Les aumôniers de prison musulmans, au nombre de 150 en France, "ont un rôle important" car, grâce à leur formation notamment, ils "mettent les radicalisés au pied du mur et ils protègent les autres", explique M. Loueslati. "Le référent, c'est l'aumônier. Dans la prison où il n'y a pas d'aumônier, le référent c'est l'autoproclamé, celui qui ne sait rien de l'islam et qui prêche la guerre, qui prêche la violence, qui radicalise les autres". 

Et ce, d'autant plus que l'enfermement amène parfois les détenus à se tourner vers la religion : "C'est comme quand on est malade et qu'on est alité ou en fin de vie. Il y a des moments dans la vie où il y a une demande spirituelle, (...) et pour les détenus, entre quatre murs, il y a un retour à la religion. Ne serait-ce que pour dire: on tourne la page, je veux être quelqu'un de bien", analyse-t-il.

S'il n'y a pas quelqu'un pour accompagner les détenus, c'est un autoproclamé qui va faire ce travail "


"S'il n'y a pas quelqu'un pour accompagner les détenus, c'est un autoproclamé qui va faire ce travail, qui va répondre à cette quête", affirme M. Loueslati, soulignant que l'aumônier, au contraire, a suivi une formation agréée et que des "filtres" existent avant sa nomination, comme les enquêtes sur les candidats menées par la préfecture et l'administration pénitentiaire.

Face au nombre insuffisant d'aumôniers, "l'État ne fait pas suffisamment d'efforts", estime M. Loueslati. "Et les blocages ne sont pas budgétaires - ce n'est rien de créer 30 ou 50 postes - ce sont des blocages historiques, idéologiques, des peurs", poursuit-il, en regrettant aussi les conditions de travail difficiles qui découragent les vocations, et réclamant un véritable statut professionnel.


"Un manque de considération et de respect"


Frais de déplacement non défrayés, "pas de retraite", travail à temps plein pour un salaire inférieur  "à ce qu'on donne à une femme de ménage": "voilà notre statut, un dénuement total, absolu, un manque de considération et de respect", pointe Mohamed Loueslati.

Après les attentats de la semaine dernière, le Premier ministre Manuel Valls a déclaré vouloir généraliser l'isolement en prison des détenus islamistes radicaux. "Ça ne résout pas" entièrement le problème, répond Mohamed Loueslati, "parce que les autres aussi, par l'actualité, la télévision, prennent connaissance de tout cela, ils se radicalisent aussi tout seuls".

Pour lui, la prison doit surtout mieux préparer à la réinsertion. "J'ai demandé à des détenus ce qu'ils allaient faire à leur sortie pour travailler, gagner leur vie, s'ils avaient un diplôme.
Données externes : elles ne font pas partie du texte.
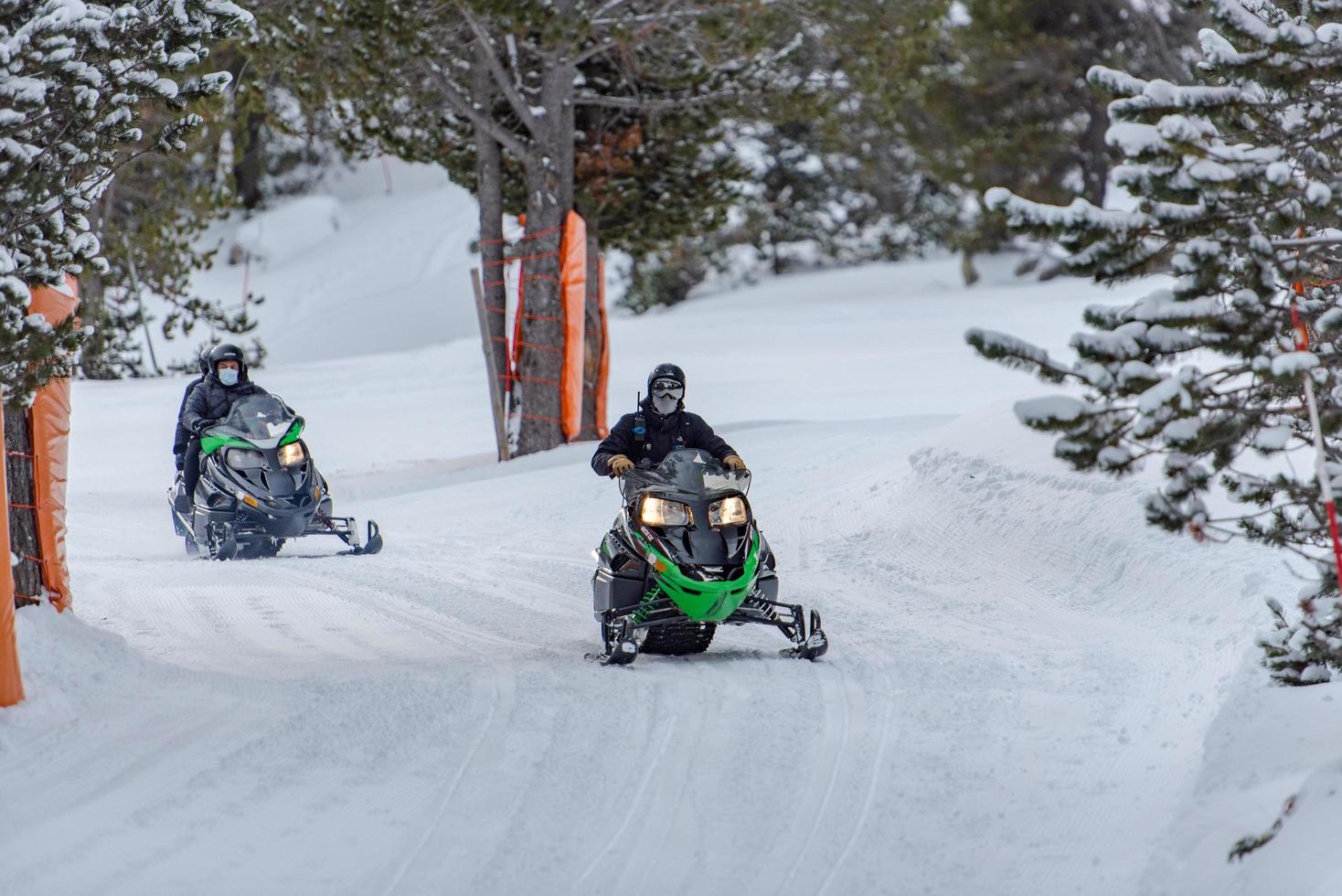 grandvalira, andorra, 2021 1 de março .jovens dirigindo motos de neve na estação de grandvalira, grau roig andorra. foto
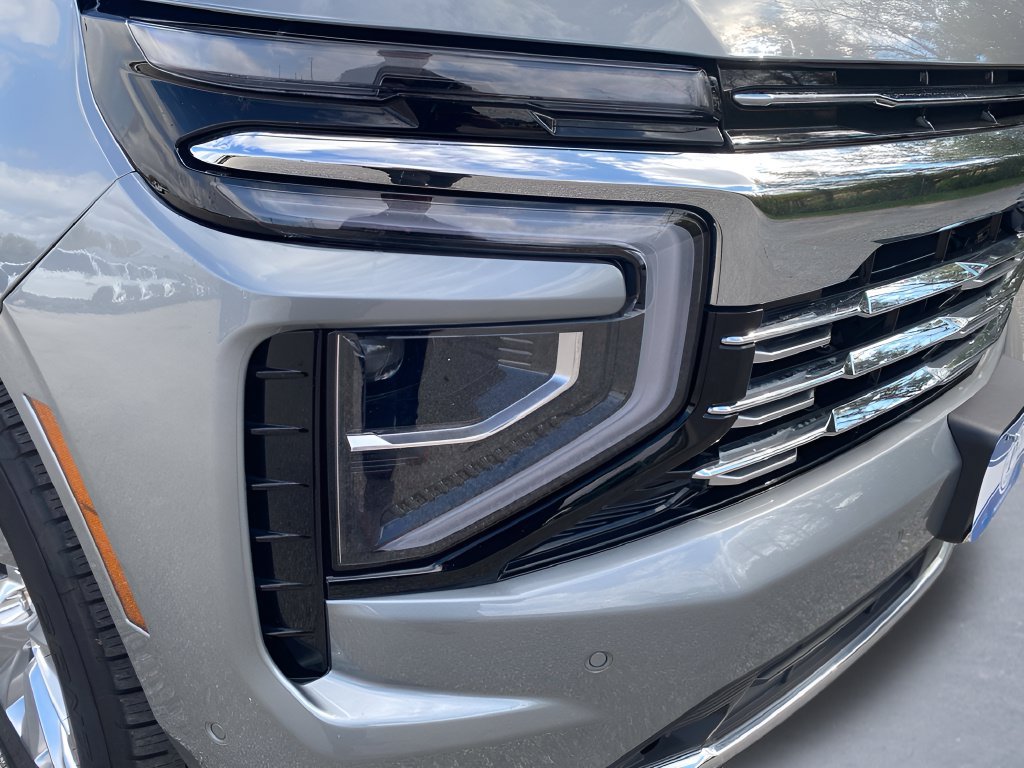 Used 2026 Chevrolet Suburban Premier w/ Sun And Tow Package AWD/4WD image 40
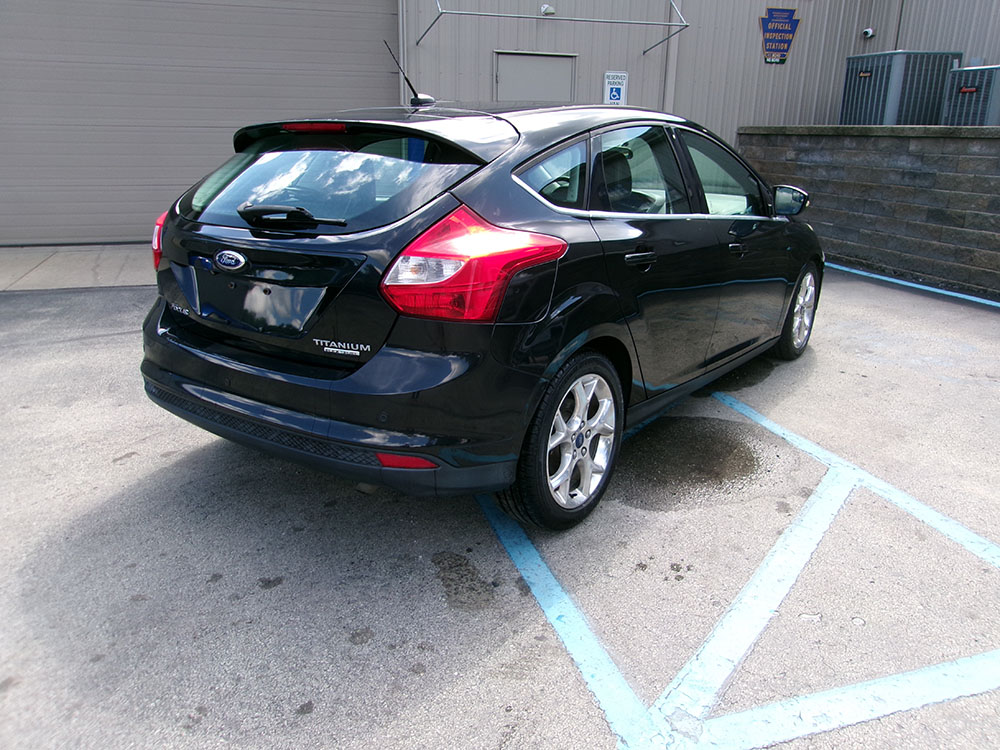 
								2014 Ford Focus Titanium full									
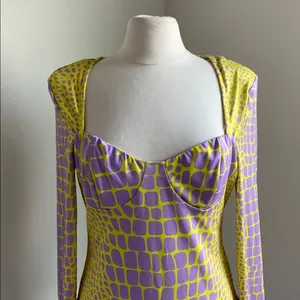 SHEIN Animal Print Top Womens Sz Large Yellow Purple Stretch Sweetheart Neck thumbnail 3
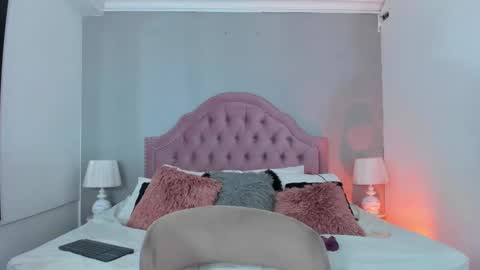 Scarlett  online show from 27, 1, 2025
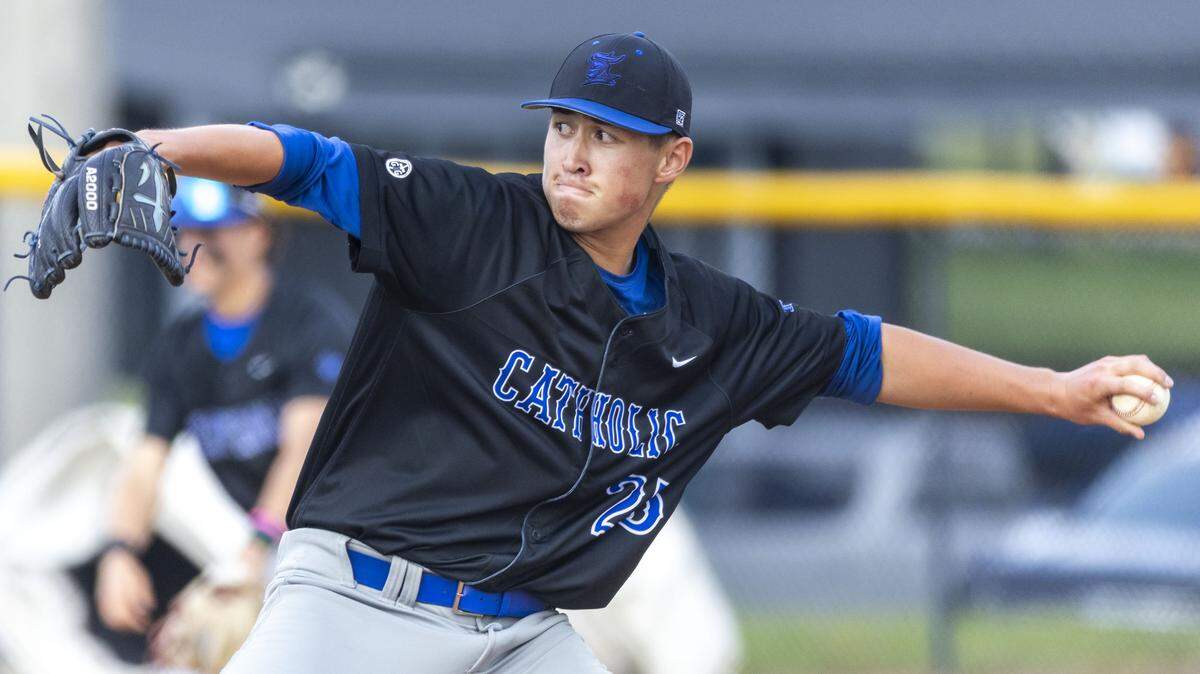 Lexington Catholic's Eamon Hughes (25) pitches during a 43rd district high school baseball game, Tuesday, April 28, 2026 at Lexington Christian High School in Lexington, Ky.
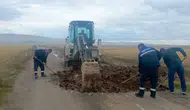 Konya'nın o bölgesinde yağıştan bozulan yollara acil müdehale edildi!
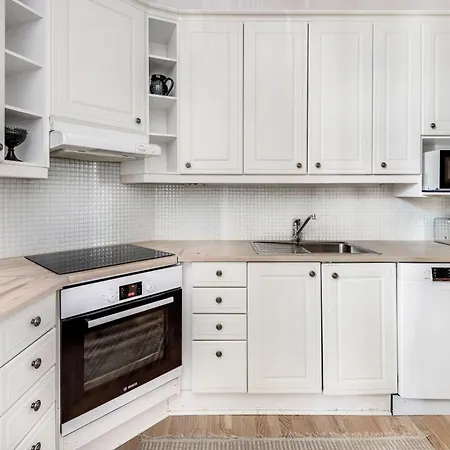 Charming 1-bedroom Near Center Lägenhet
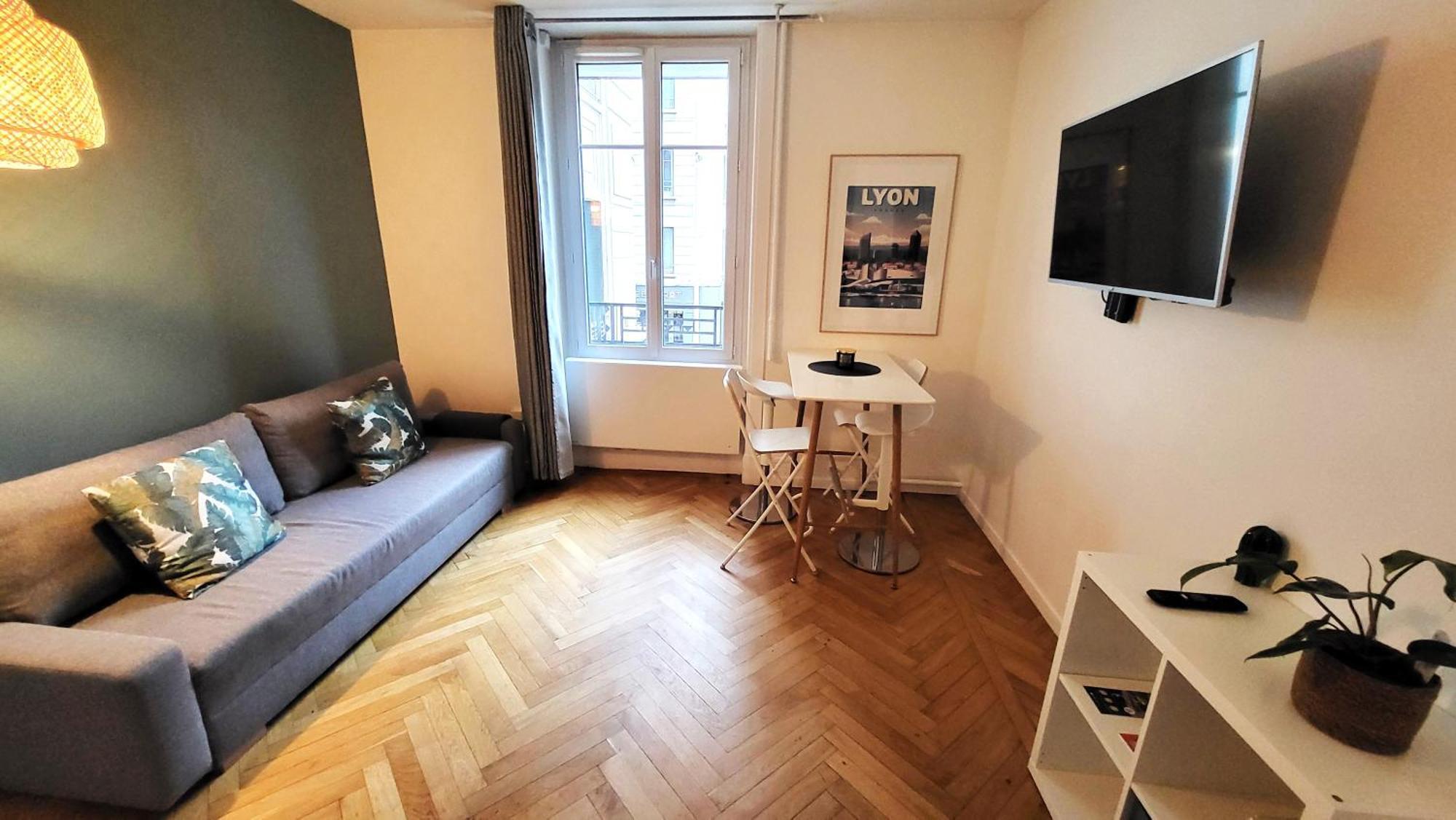 Escale 2 - Part Dieu Apartment *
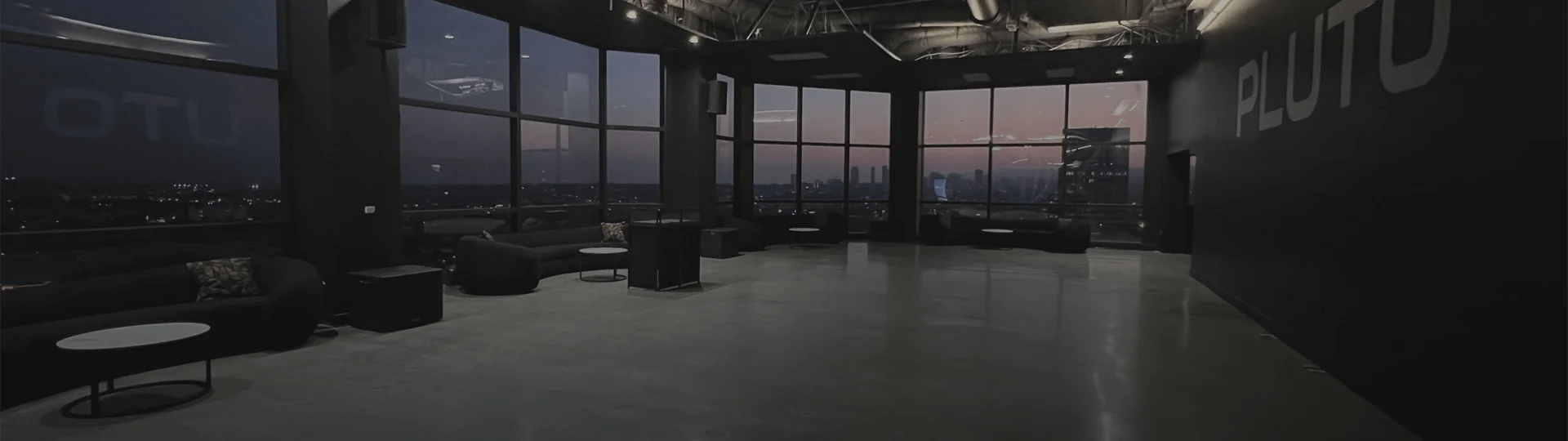 Pluto Los Angeles Penthouse • Helipad
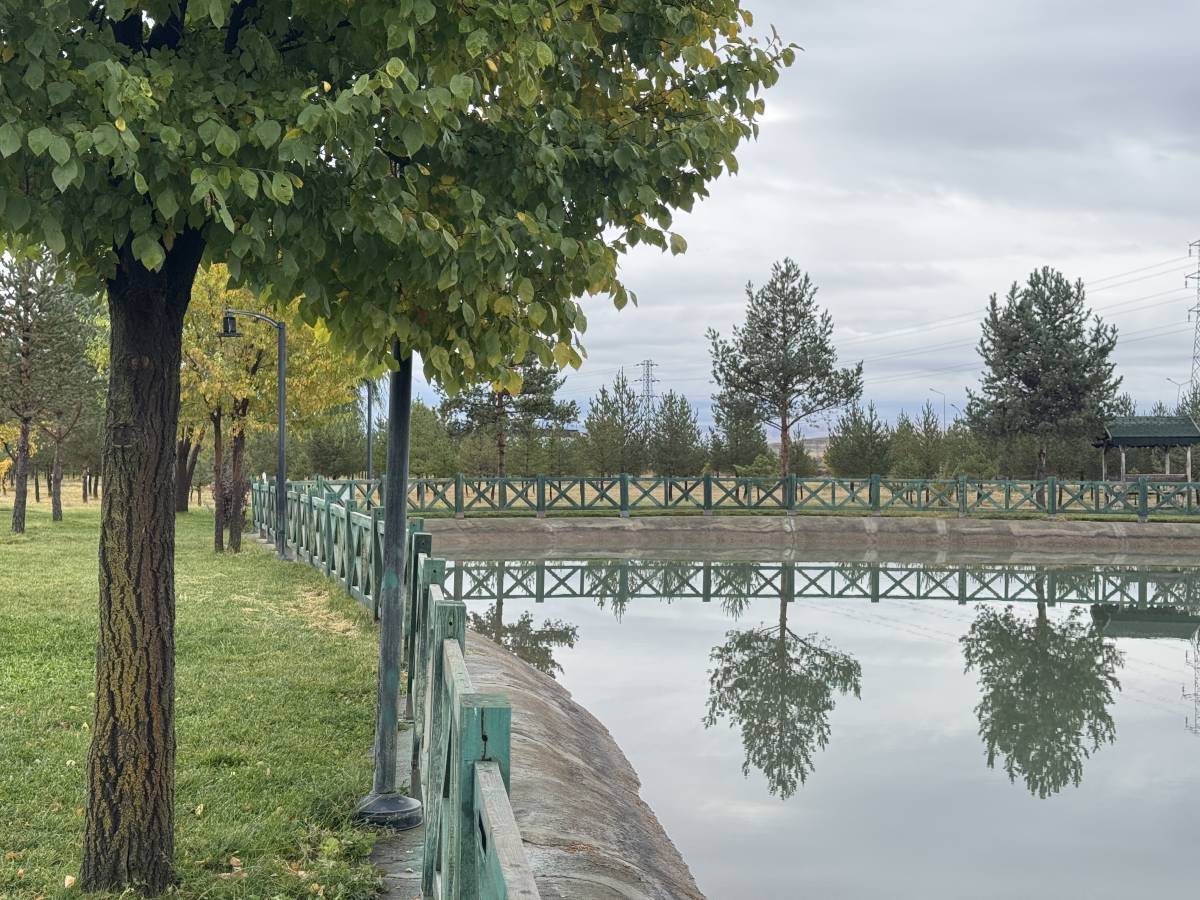 Ağrı’da Sonbahar Yağmuru Şehri Renklendirdi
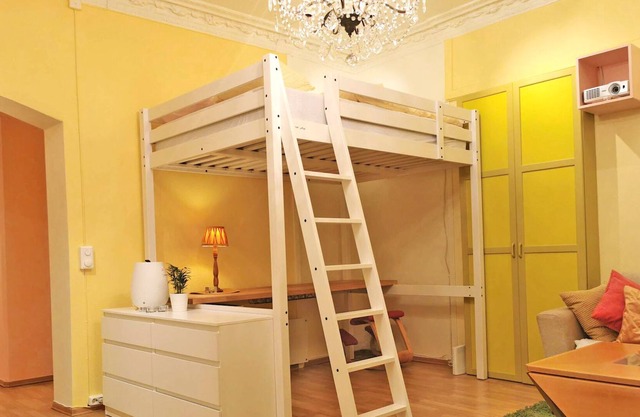 Light and Beautiful Apartment, Perfectly Located!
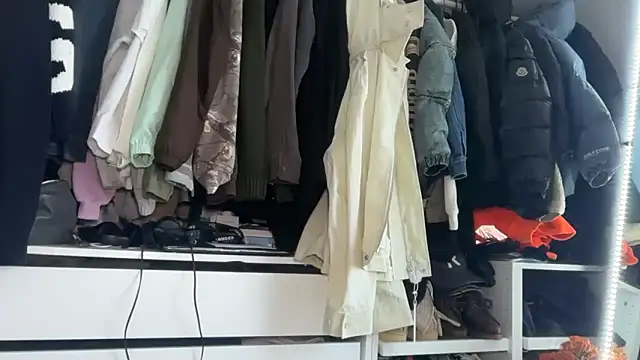 KayleeBella's live cam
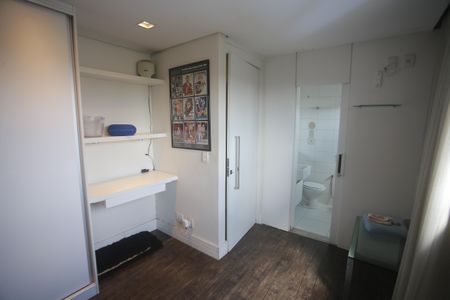 Apartamento à venda com 130m², 2 quartos e 3 vagasSuíte 1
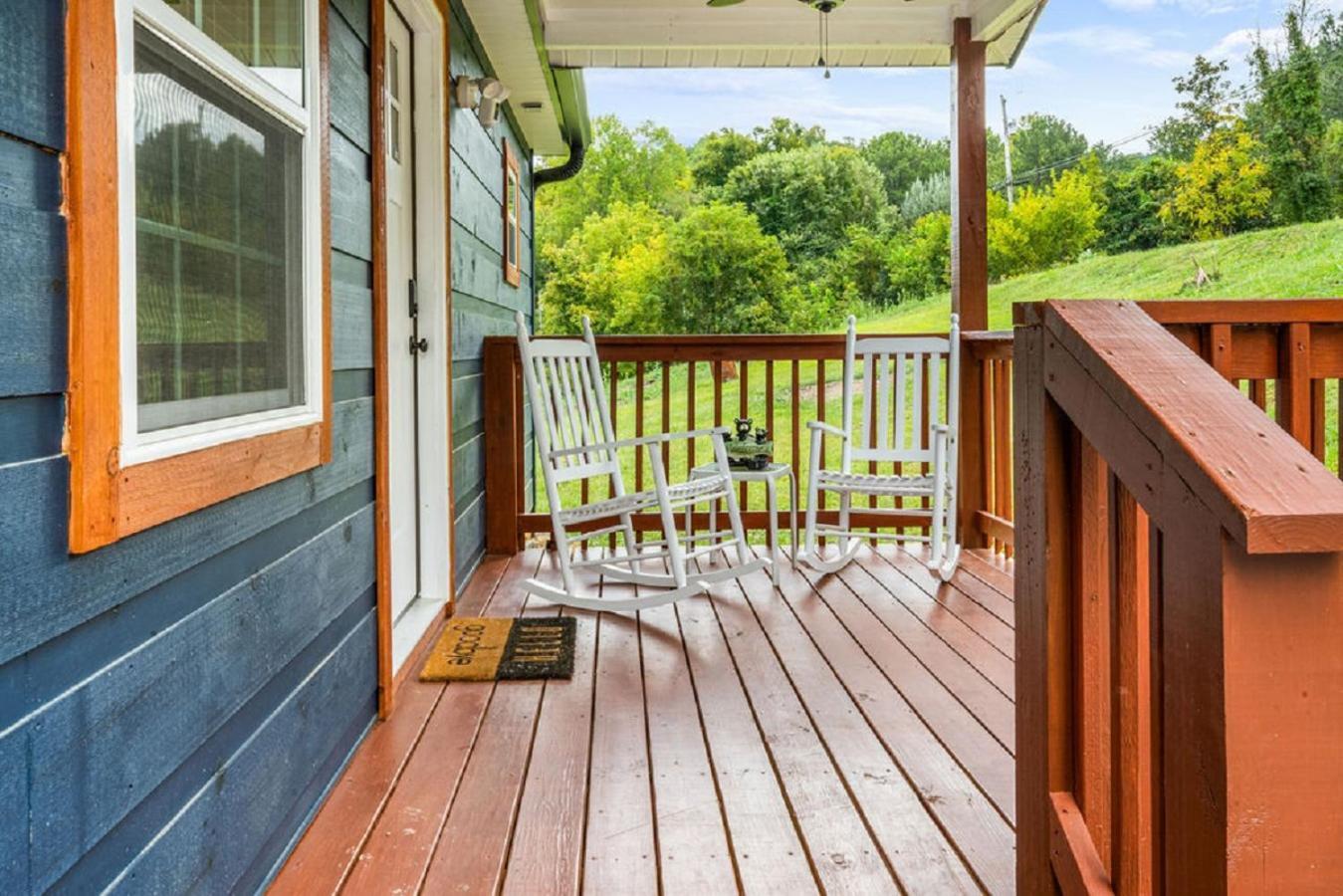Brand New Tiny Cabin! A Bearly Adventure Sevierville Exterior photo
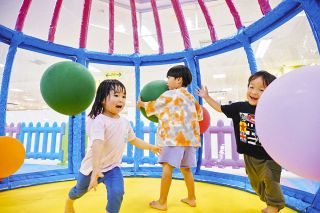 “1日楽しみ放題”子どもの遊び場　19日、イオンタウン津城山に開業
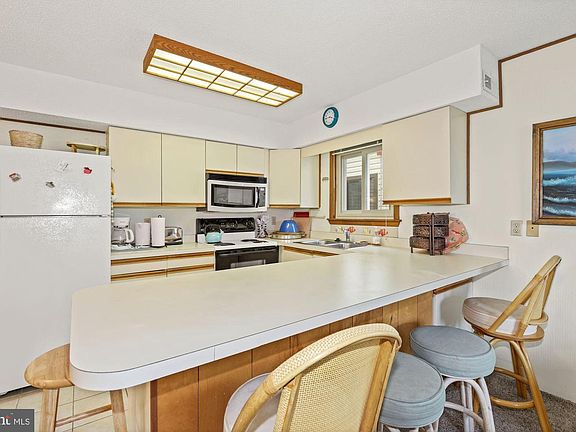 5th image of 411 146th St #225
Ils me disent: Non, mais on se débrouille. Alors je leur demande: Concrètement, c'est quoi?. Et là, ils rigolent, disent: On n'a pas grand-chose, on a le trafic de drogue ou la Syrie", raconte Mohamed Loueslati.


Départ en Syrie: "La motivation n'est pas religieuse, elle est plutôt sociale, financière"


Pour un éventuel départ en Syrie, "la motivation est financière, on leur propose un salaire. C'est la grande découverte que j'ai faite : la motivation n'est pas religieuse, elle est plutôt sociale, financière", poursuit l'aumônier qui souligne aussi que smartphones et internet "donnent des ailes" aux plus radicalisés et "renforce leur dangerosité".